● Collected material:

====================

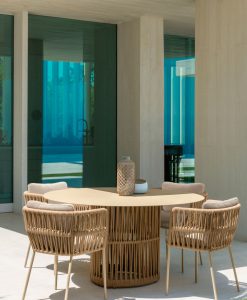 The designers Ludovica and Roberto Palombo created a refined and luxurious outdoor round table with aluminium frame and synthetic fabric ropes weaving.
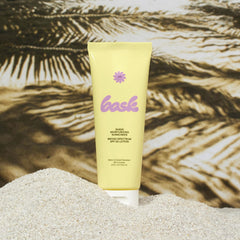 Bask Suncare SPF 50 close-up bottle highlighting non-greasy finish and quick absorption
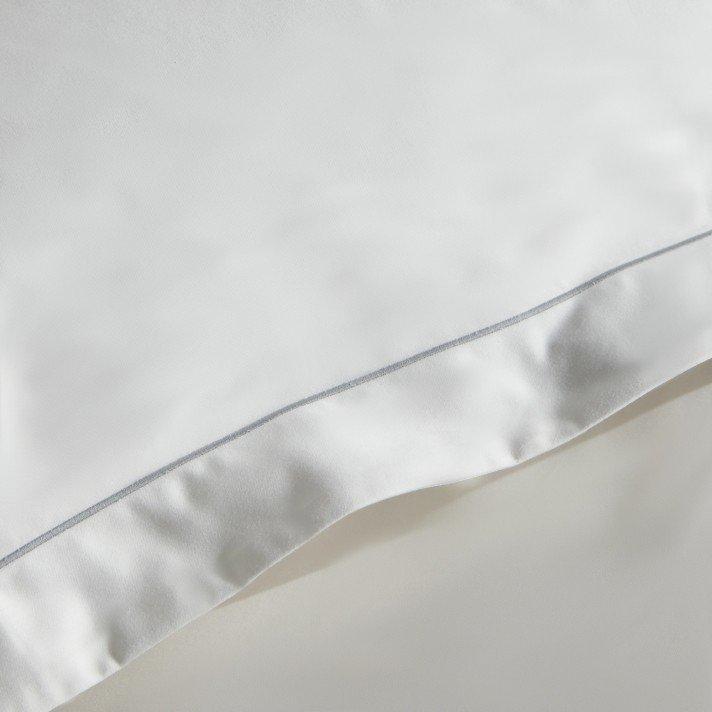 a close up of a white pillow with a silver lining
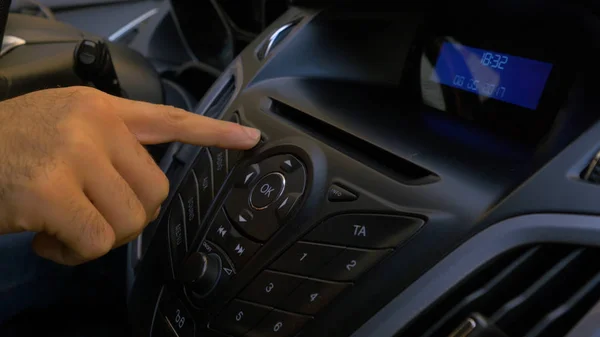 Mans main met le disque dans le lecteur de voiture. Commande de bouton pour lecteur de disque compact dans une voiture. Main met le disque dans la voiture radio — Photo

====================

● What to work on:
Restate word for word the lines above that start at the line containing "a close up of" and run to the end of the listing; exclude the pictures.

● Reply to the exercise:
 a close up of a white pillow with a silver lining
 Mans main met le disque dans le lecteur de voiture. Commande de bouton pour lecteur de disque compact dans une voiture. Main met le disque dans la voiture radio — Photo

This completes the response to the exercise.